In all seriousness, I like the My Father and Man O' War bands.


----------



## MarkC (Jul 4, 2009)

:lol: As if the loss to SF wasn't painful enough for us poor Falcons fans...


----------



## fauxtrot (Dec 13, 2012)

Some of my favorite bands (which are good smokes too):

La Sirena
View attachment 74772


La Duena
View attachment 74773


Room 101
View attachment 74774


----------



## El_d (Jan 18, 2013)

Stiks said:


> Do you have some sort of project your doing that you need bands for?


Yeah, I got a chance to get some of my work/stuff into a b&m.

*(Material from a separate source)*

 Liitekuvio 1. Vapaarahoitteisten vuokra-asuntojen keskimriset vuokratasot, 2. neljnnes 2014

What I would really like is an Opus X.


----------



## El_d (Jan 18, 2013)

Those are great labels. Thanks for the suggestions, those are great looking labels. 

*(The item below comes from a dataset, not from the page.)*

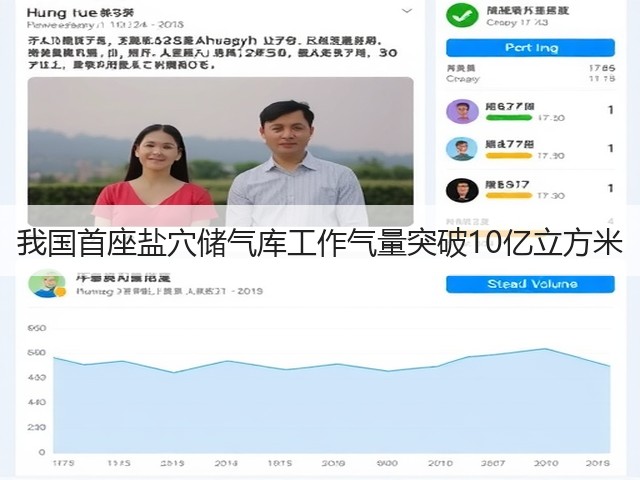 我国首座盐穴储气库工作气量突破10亿立方米(图1)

More suggestions are appreciated.


----------



## Mante (Dec 25, 2009)

A band does not a cigar make. To my mind I'd prefer simpler bands & let the tobacco speak for itself but marketing is what marketing does.

N.B. Davidoff says you should remove the band from a cigar before lighting....Then you should buy the fancy snap on $3K? band that Davidoff make. ound: There are aberrations in this hobby & indeed some flashy cigars smoke well but it is not the norm.


----------



## neonblackjack (Oct 27, 2010)

I second the La Sirena. Definitely an attention-getting lovely band and I hear it's quite a nice cigar as well.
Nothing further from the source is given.